(Beginning of Data for this exercise)
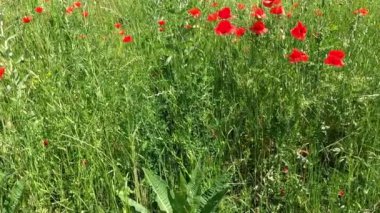 Yaban çiçekleri ve kırmızı gelincikler mavi gökyüzü güneşli bir günde bir bahar çayırı gibi,
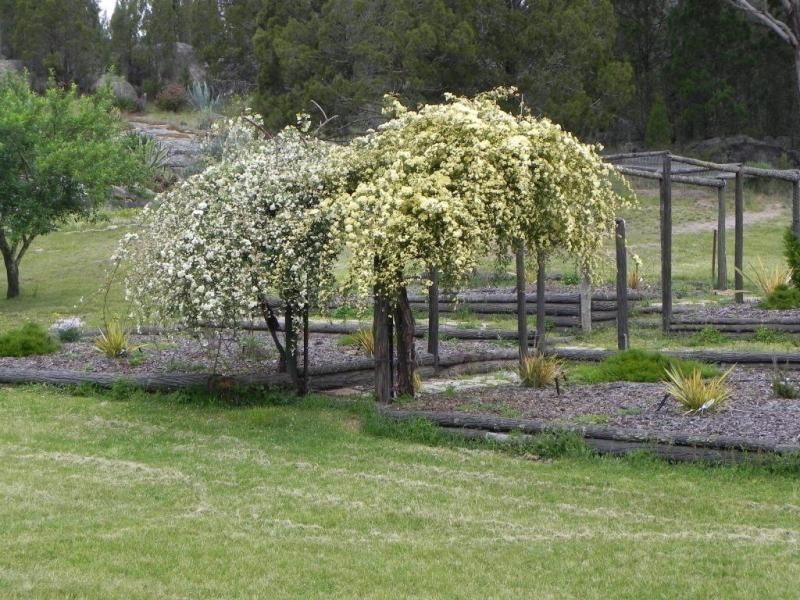 “Avelene” Yewrangara Road, Bigga NSW 2583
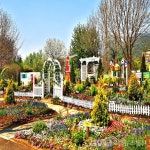 과천시 꽃향기 가득 ‘치유정원’ 재단장, 감성정원 조성 < 생활문화 < 문화 < 기사본문 - 글로벌뉴스통신GNA 과천시 꽃향기 가득 ‘치유정원’... 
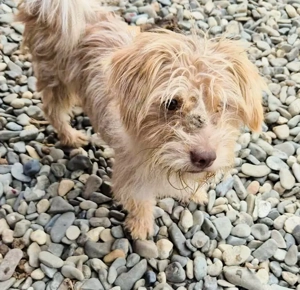 Sasha - kleiner Wuschel sucht ein Zuhause für immer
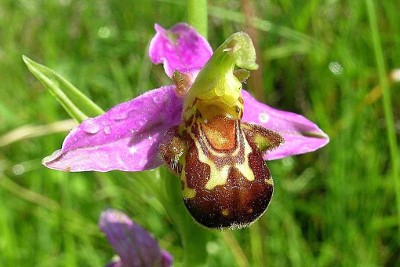 Une fleur - Crédit : Sprengel BILLARD Gilbert CBNA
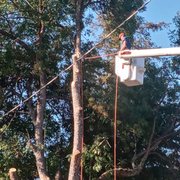 Line clearance work Santa Cruz California
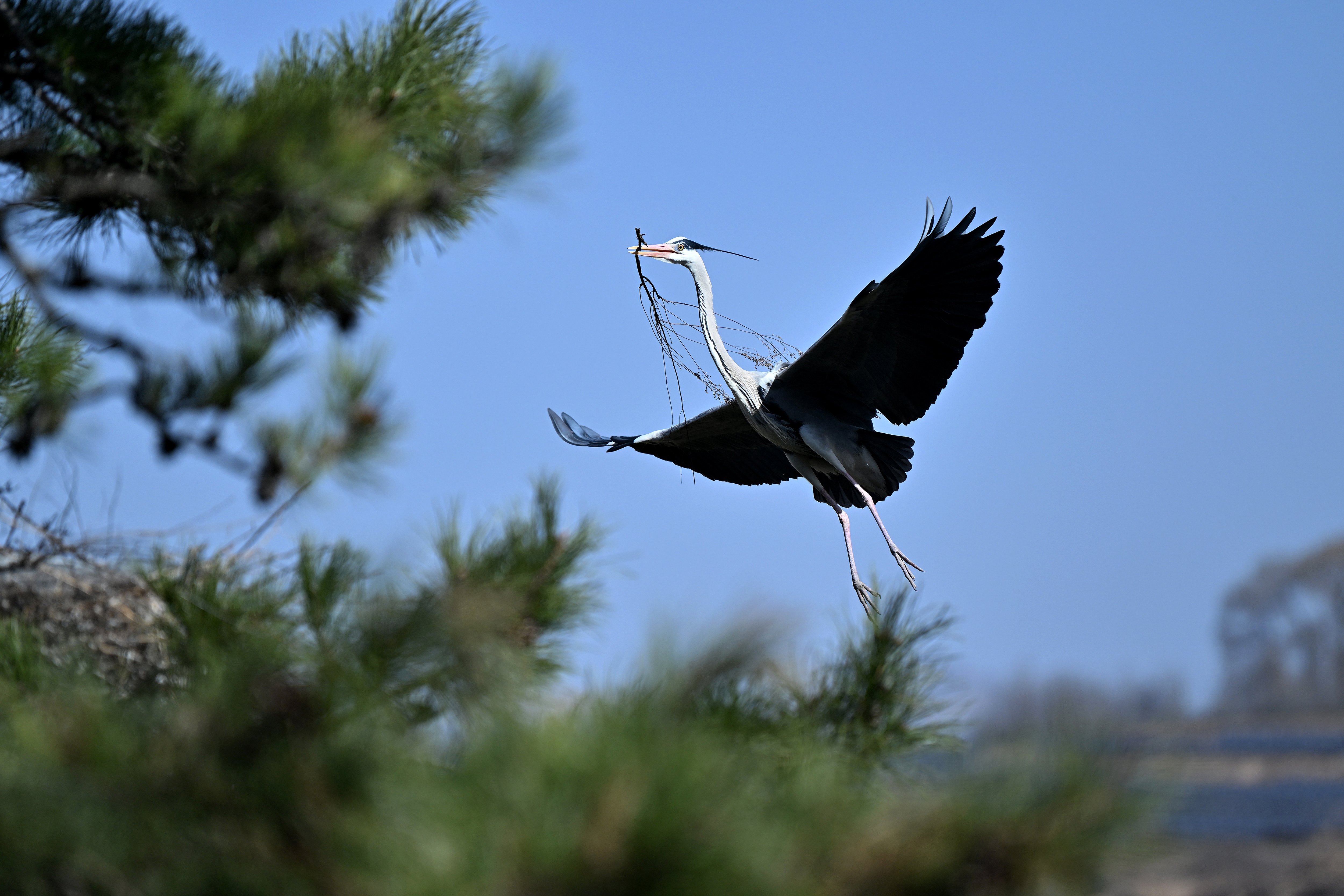 吕梁山上 苍鹭起舞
(End of Data for this exercise)
• [Work item]:
Copy the records above exactly, from the first line through the line containing "Sasha - kleiner", and leave out the pictures.

• [Answer to this exercise]:
 Yaban çiçekleri ve kırmızı gelincikler mavi gökyüzü güneşli bir günde bir bahar çayırı gibi,
 “Avelene” Yewrangara Road, Bigga NSW 2583
 과천시 꽃향기 가득 ‘치유정원’ 재단장, 감성정원 조성 < 생활문화 < 문화 < 기사본문 - 글로벌뉴스통신GNA 과천시 꽃향기 가득 ‘치유정원’... 
 Sasha - kleiner Wuschel sucht ein Zuhause für immer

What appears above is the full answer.